» **Aim of the exercise**
An exact copy of the lines, starting at the top of the listing and ending with the line that has "Hey everyone, welcome", is the required answer. Pictures are not part of it.
*** Given data Section Begins ***
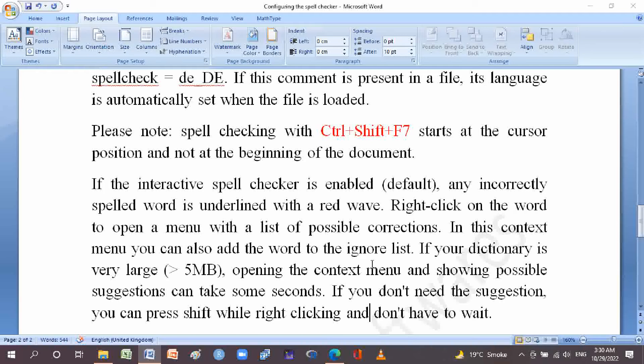If your dictionary is very large — more than 5 MB — opening the context menu and showing possible suggestions can take some seconds. If you don't need the suggestions, you can press SHIFT while right-clicking and you won't have to wait.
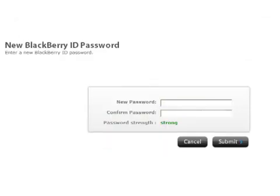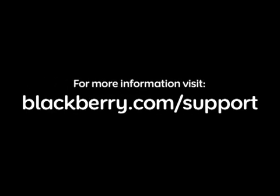When the password reset page loads, enter the new password along with the confirmation of that new password, and click Submit. A confirmation message will display once the changes have been saved successfully. For more information, visit blackberry.com/support.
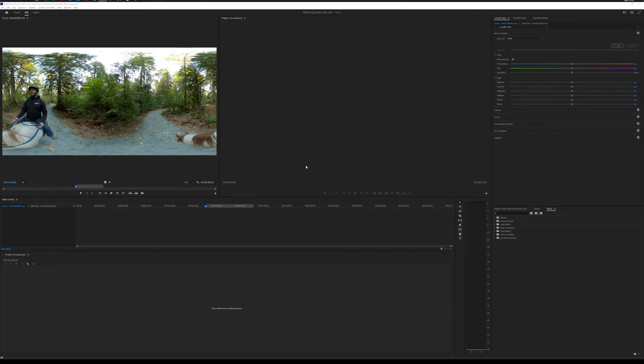Okay, hello everybody. I thought I would do a quick tutorial talking about how to work with 360 footage.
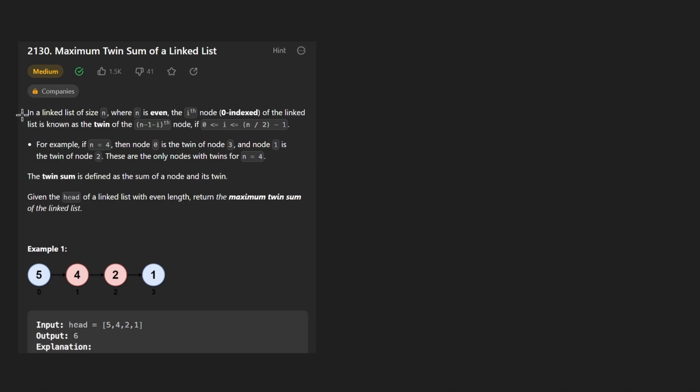Hey everyone, welcome back and let's write some more neat code today. So today let's solve the problem Maximum twin sum of a linked list.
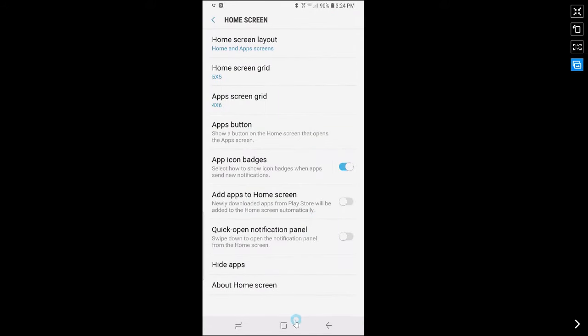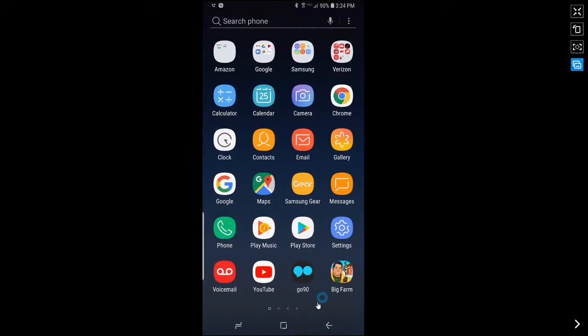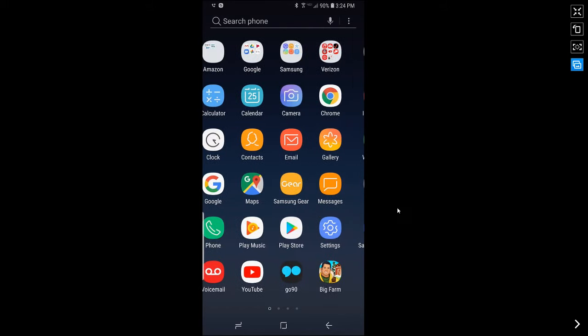Now, once you go back to home screen, in the bottom left hand corner you will see the apps button. Once you tap on the apps button it will take you to the apps screen where you can access all of your apps.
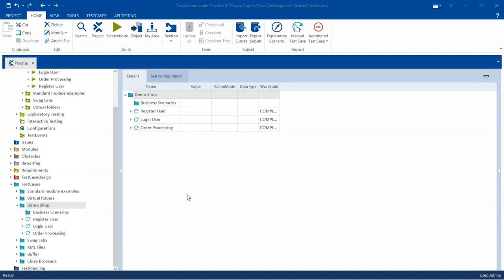Now what are these business test cases and how are they useful? Business test cases help you to basically give you an overview of the end-to-end scenarios. These end-to-end scenarios could be made up of individual test cases that cover different requirements, or they could also cover different releases or different applications. These business test cases are created in order to determine the order of the test cases which need to be executed and how they should be assigned.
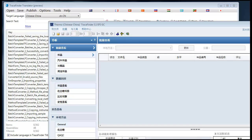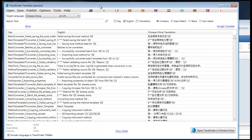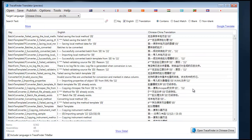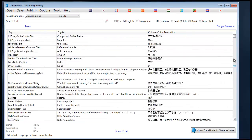In this video we're going to introduce TraceFinder Translator, a utility that allows you to translate TraceFinder into the language of your choice. We're going to go through the basic functions of TraceFinder Translator and show you how to use it. Let's first of all go ahead and, to set the context, run TraceFinder Translator and show you what TraceFinder looks like in Chinese.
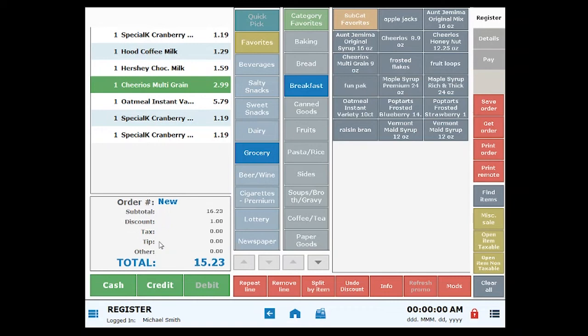When you've finished ringing up items, you can process the customer's payment or you can choose Save Order.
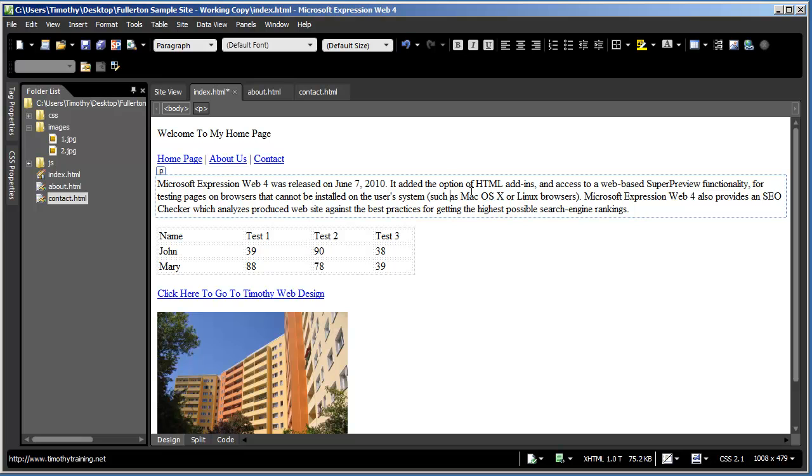But at a minimum, you need to be able to test your browser in three different browsers. You need to be able to test it in Internet Explorer. You need to be able to test your pages in Firefox. And you need to test your pages in either Google Chrome or Apple Safari. Preferably both, but generally Safari and Chrome are going to display your pages the same.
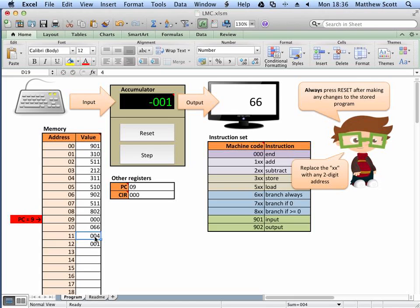So I potentially need to change address 11 from 5 to 4, and that will ensure it happens exactly five times. Hopefully you've seen how you can produce a loop in the little man computer, and in turn you should be able to use that to access the A grade task that's on the VLE.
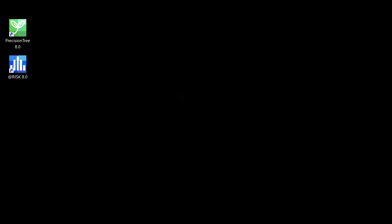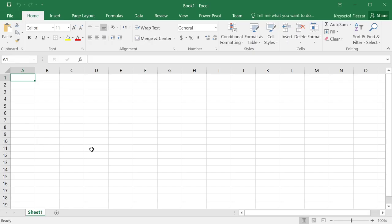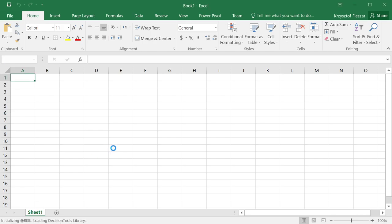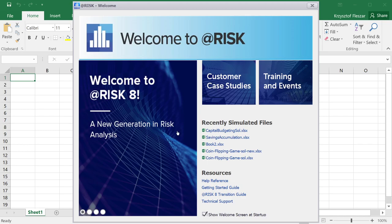In order to solve problems using Monte Carlo simulation with the Palisade @Risk, let us first start the Palisade @Risk Add-in. When you double-click on this icon, it actually opens Excel and initializes the @Risk Add-in, and we have to wait a few seconds for it to load.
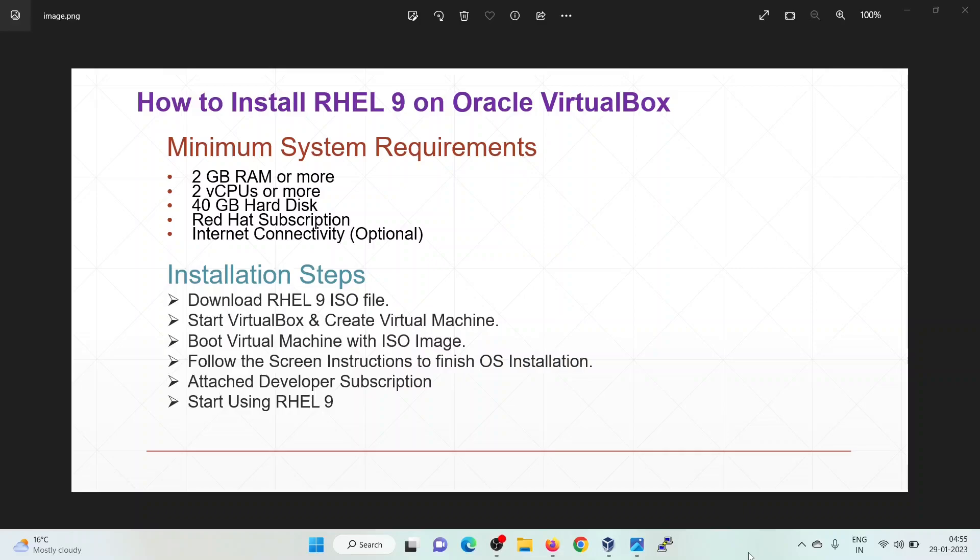Hello everyone, in this video we are going to learn how to install RHEL 9 on Oracle VirtualBox. VirtualBox is a free and open source virtualization software which allows us to create multiple operating systems on our computer.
*** Given data Section Ends ***
» **Result below**
If your dictionary is very large — more than 5 MB — opening the context menu and showing possible suggestions can take some seconds. If you don't need the suggestions, you can press SHIFT while right-clicking and you won't have to wait.
When the password reset page loads, enter the new password along with the confirmation of that new password, and click Submit. A confirmation message will display once the changes have been saved successfully. For more information, visit blackberry.com/support.
Okay, hello everybody. I thought I would do a quick tutorial talking about how to work with 360 footage.
Hey everyone, welcome back and let's write some more neat code today. So today let's solve the problem Maximum twin sum of a linked list.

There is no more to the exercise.